Im Vergleich zu Branchengrößen wie Haribo oder Storck, die im Milliardenbereich Umsatz erwirtschaften, bewegt sich Hitschler International mit rund 60 Millionen Euro Jahresumsatz in einer deutlich kleineren Liga. Das relativiert die genannte Vermögensspanne von 30 bis 50 Millionen Euro: Sie erscheint angesichts von Firmenwert, internationaler Präsenz in rund 40 Ländern und der dokumentierten Wachstumsgeschichte plausibel, bleibt aber eben eine Schätzung auf Basis öffentlich zugänglicher Umsatzzahlen und keine bestätigte Größe. Wer die Sanierungsgeschichte kennt, versteht zumindest, warum Experten überhaupt zu dieser Größenordnung kommen, statt sie als reine Wunschzahl abzutun.
FAQ zum Philip Hitschler Vermögen
Wie hoch ist das Vermögen von Philip Hitschler-Becker?
Wirtschaftsportale schätzen es unabhängig voneinander auf 30 bis 50 Millionen Euro. Eine offizielle Bestätigung gibt es nicht, da Hitschler International als Privatunternehmen keine Bilanzen veröffentlichen muss.
Wie hat Philip Hitschler sein Vermögen aufgebaut?
In erster Linie durch die Sanierung und den Ausbau des von seiner Familie gegründeten Süßwarenunternehmens: Er übernahm 2017 einen Betrieb mit Millionenverlusten und steigerte den Umsatz seither von rund 20 auf etwa 60 Millionen Euro.

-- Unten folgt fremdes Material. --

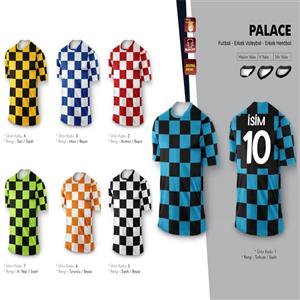 Palace  Yeni Nesil Dijital Erkek Hentbol Forması
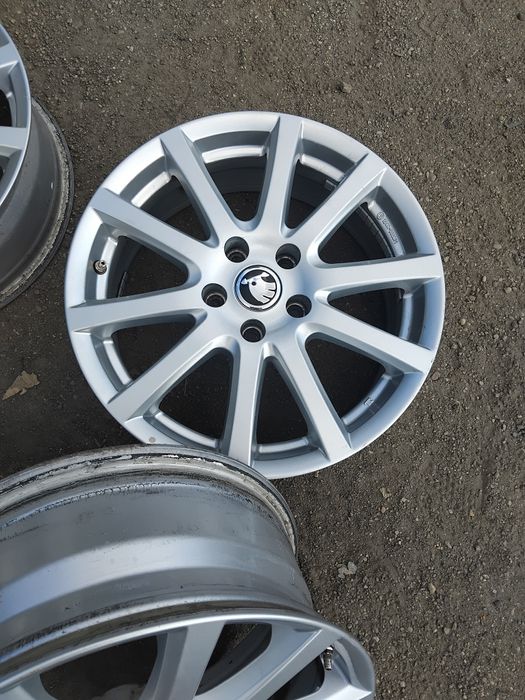 Alufelgi 16 5x112 Skoda Octavia Yeti Super B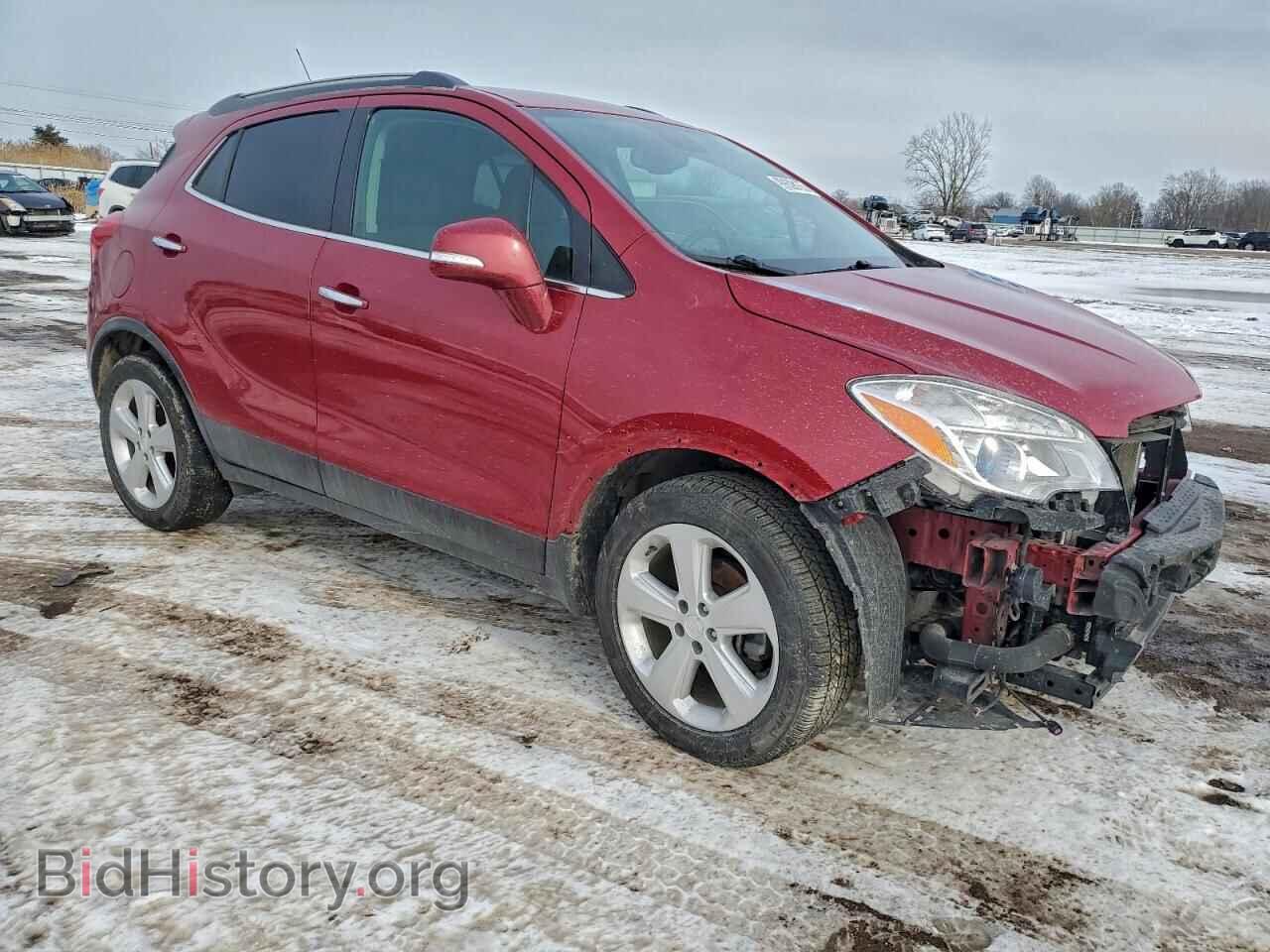 2016 BUICK ENCORE - VIN: KL4CJBSBXGB706888 - Photo 4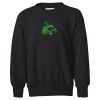 Youth EcoSmart® Crewneck Sweatshirt Thumbnail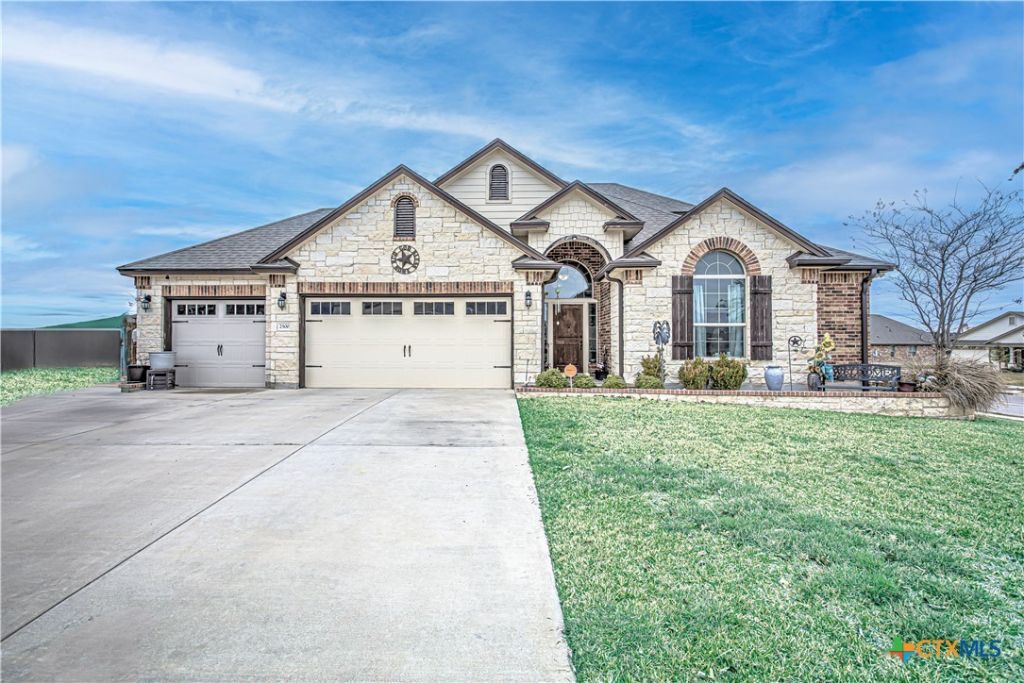 2500 Bargello Street, Harker Heights, TX 76548 Main Photo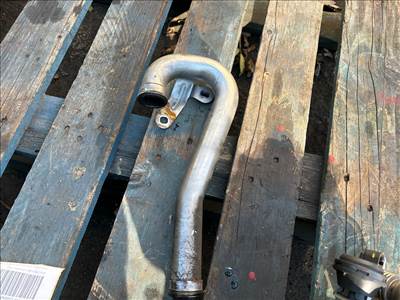 DACIA DUSTER  Turbócső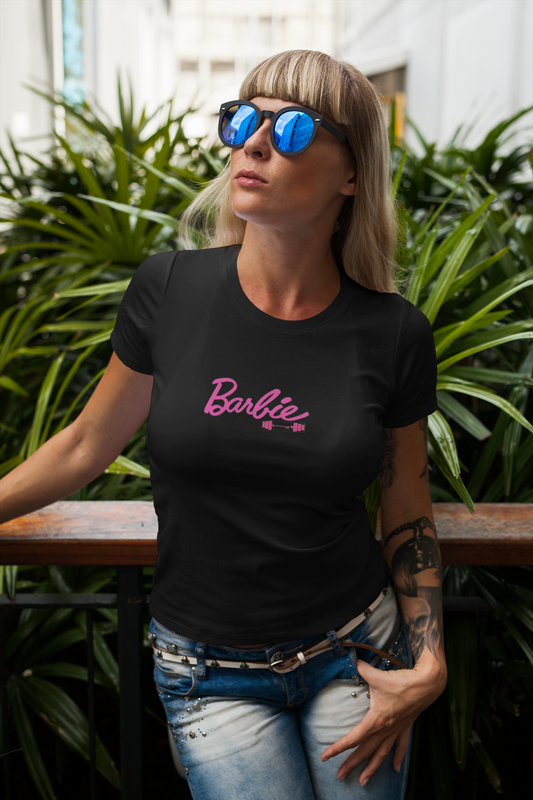 NEMESIS Polera Barbie Black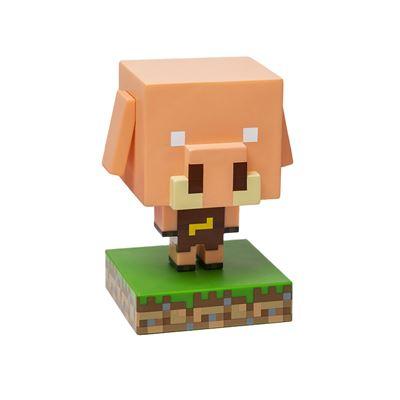 Лампа Paladone Icons: Minecraft - Piglin Light, PP14431MCFна ниска цена с бърза доставка - BestPC.BG
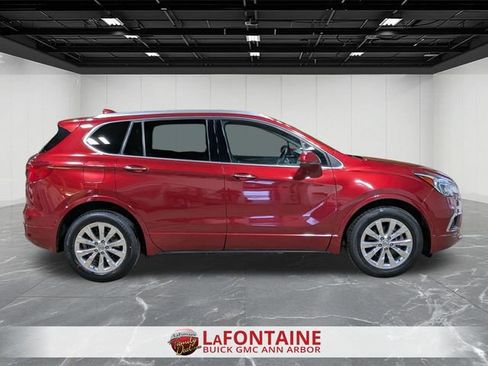 Used 2018 Buick Envision Essence image 6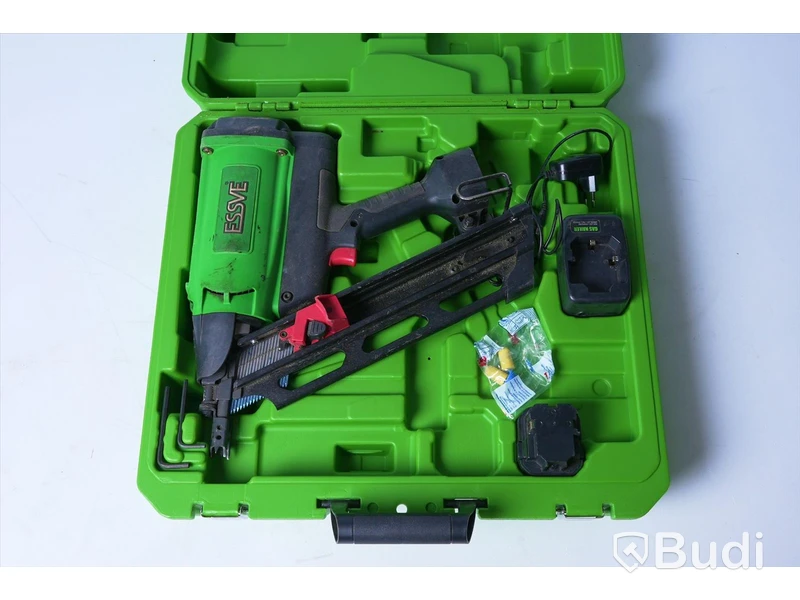 Spikpistol - Essve FNG 17/90 G3
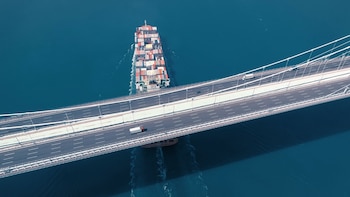 Para el sistema logístico argentino, representa uno de los ejemplos más claros de cómo una infraestructura de transporte puede transformar la integración territorial de un país (Ilustración: Movant Connection)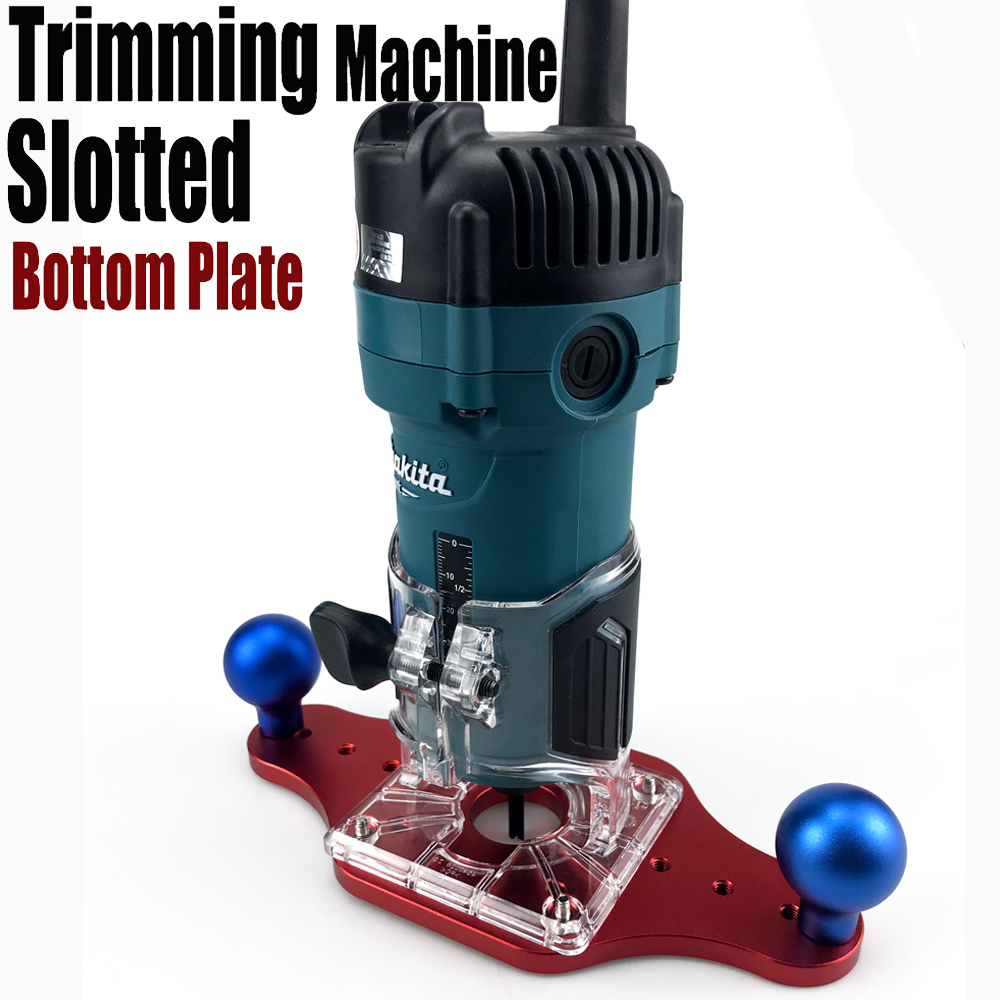 Holzfräser Basis Holzbearbeitu – Router Trim Base Bewertung und Preis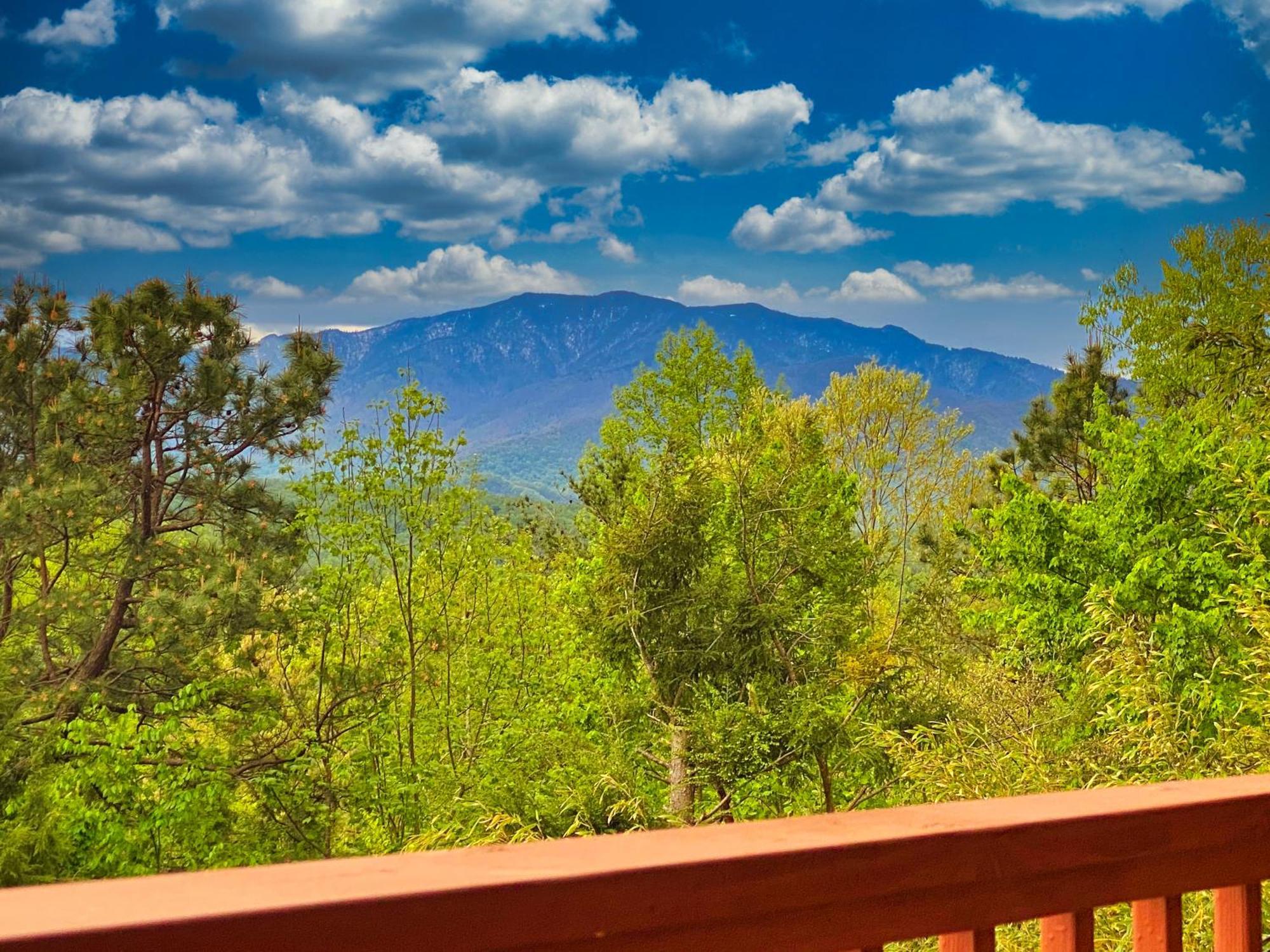 Villa Amazing Views Gatlinburg Camera foto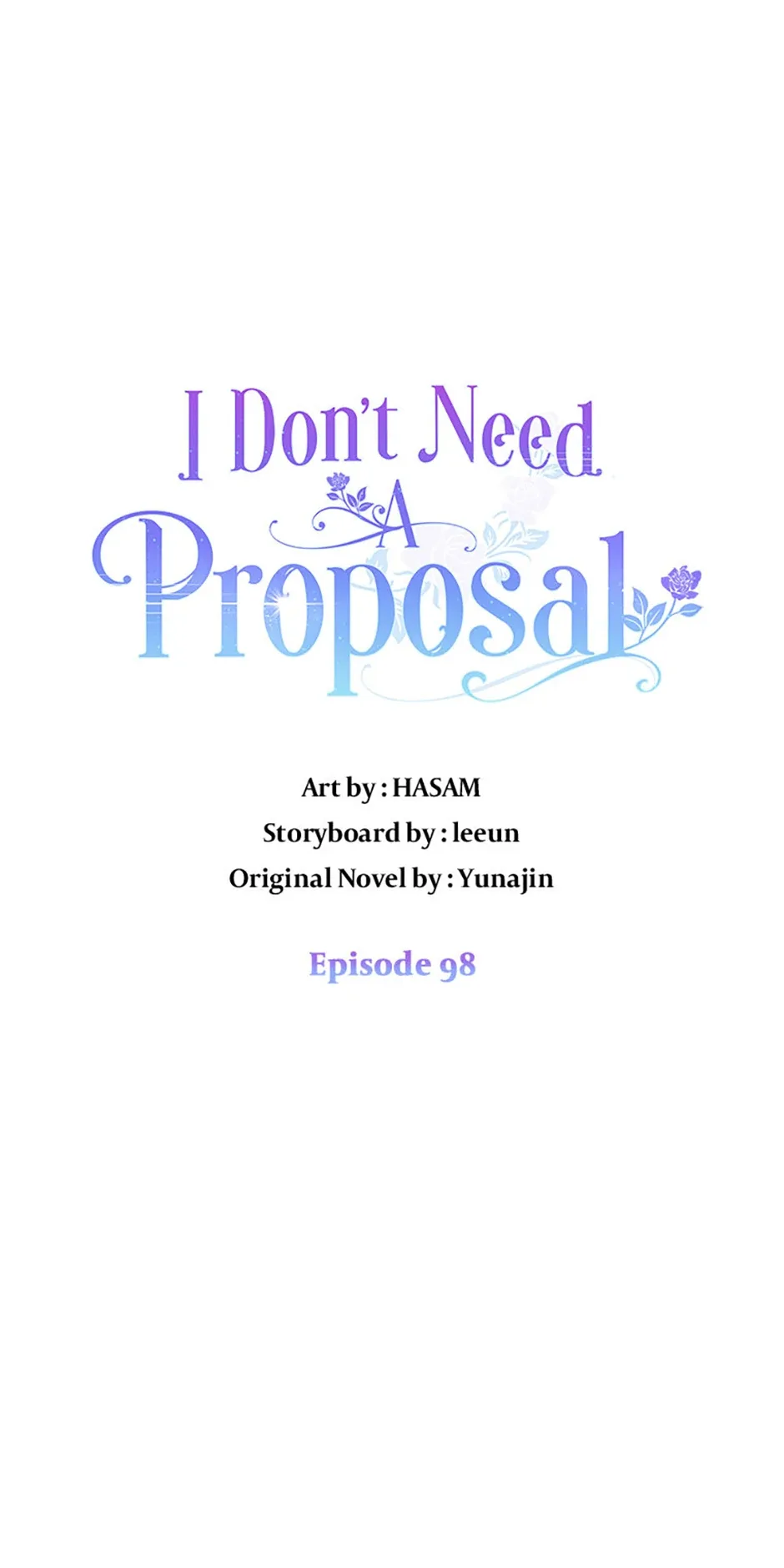 I Didn’t Save You To Get Proposed To Chapter 98 page 31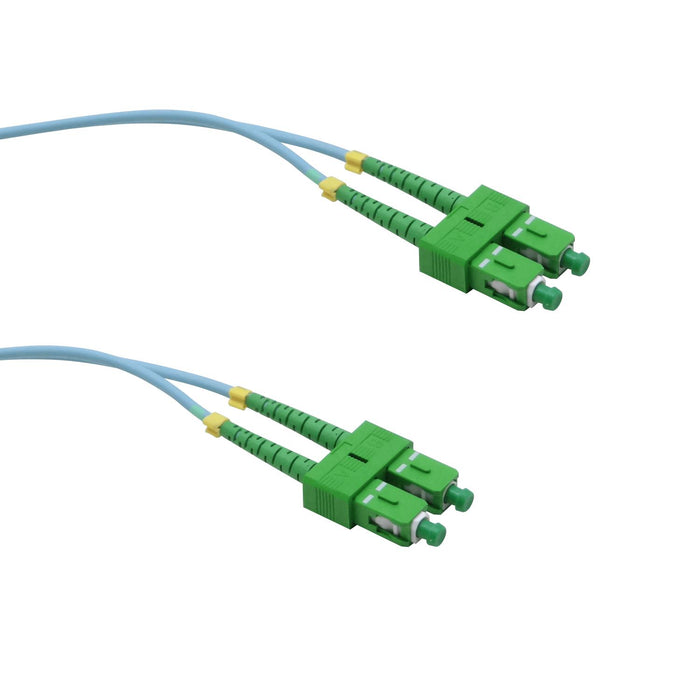 Cable de Fibra Óptica Multimodo OM3 1mt Clickbox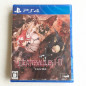 Deathsmiles I & II PS4 Japan Game In ENG-FR-ESP Neuf/NewSealed Shmup Shooting Cave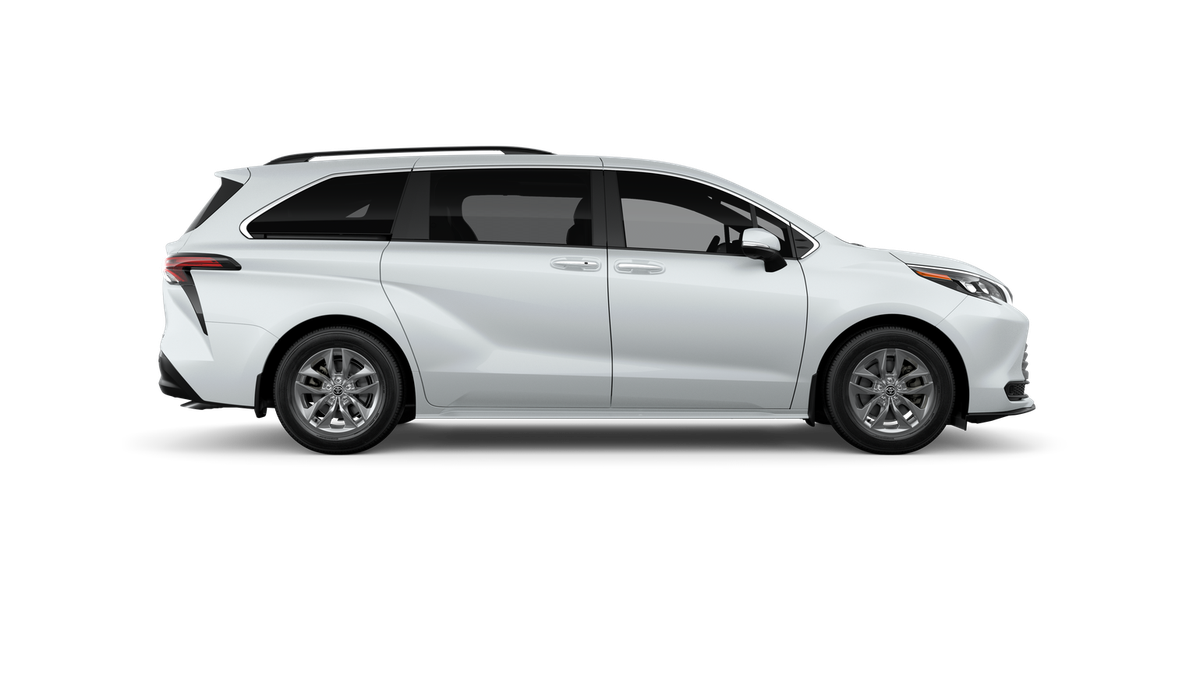 New 2026 Wind Chill Pearl Toyota XLE image 12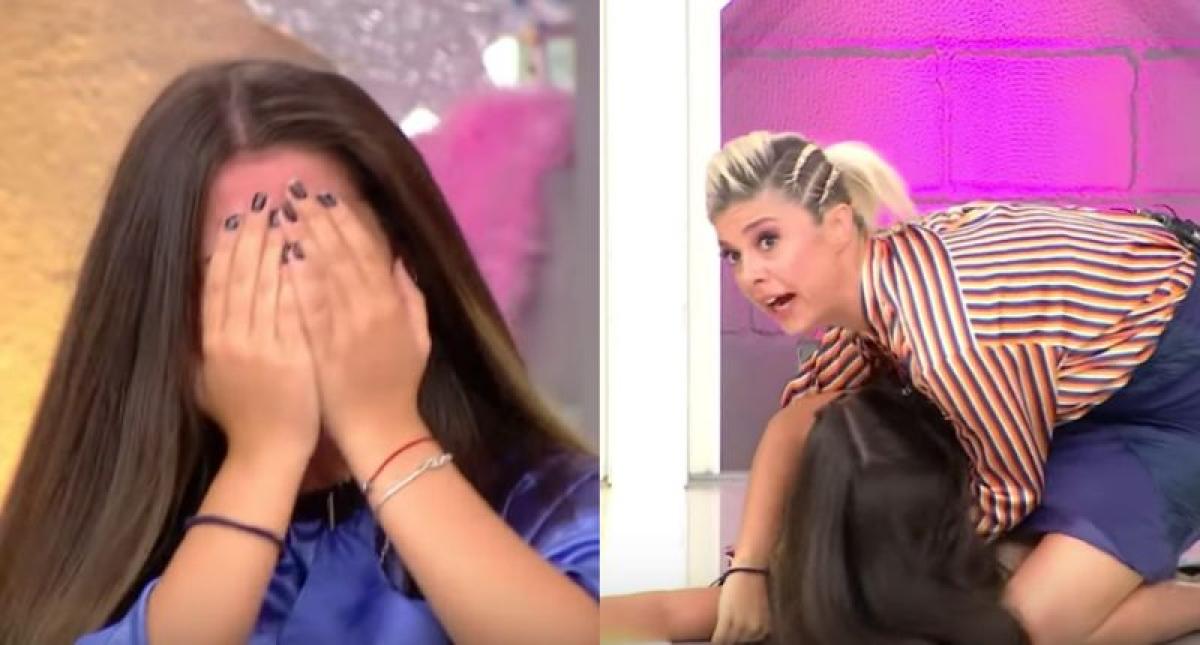 corte de cabelo da Belisa para rosto redondo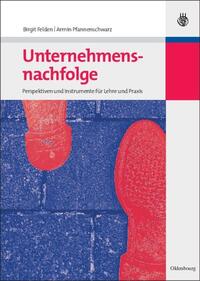 Vorderes Coverbild Unternehmensnachfolge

Warum heißt das Unternehmen jetzt hitschies statt Hitschler?
Hitschler-Becker benannte die Marke 2021 um, weil der traditionelle Name zwar seit fast einem Jahrhundert existierte, bei jüngeren Zielgruppen aber kaum Wiedererkennung hatte.
Seit wann führt Philip Hitschler das Unternehmen?
Seit November 2017, im Alter von 29 Jahren, als vierte Generation der Unternehmerfamilie – nach sieben Jahren, in denen familienfremde Manager die Geschäfte geführt hatten.
Ist Philip Hitschler-Becker Millionär durch Erbe oder eigene Arbeit?
Beides: Er übernahm ein Familienunternehmen, das zum Zeitpunkt der Übergabe jedoch wirtschaftlich angeschlagen war. Den heutigen Wert hat er maßgeblich durch die eigene Sanierungsleistung und die Markenneuausrichtung mit aufgebaut.
Fazit
Das Philip Hitschler Vermögen lässt sich nicht auf eine einzelne, bestätigte Zahl festnageln – wohl aber auf eine nachvollziehbare Geschichte: die eines jungen Unternehmers, der ein wirtschaftlich angeschlagenes Familienunternehmen übernahm und dessen Umsatz binnen weniger Jahre verdreifachte. Wer die kolportierten 30 bis 50 Millionen Euro einordnen will, sollte weniger auf die Zahl selbst schauen als auf die belegte Sanierungs- und Wachstumsgeschichte dahinter, die ihr überhaupt erst Substanz verleiht.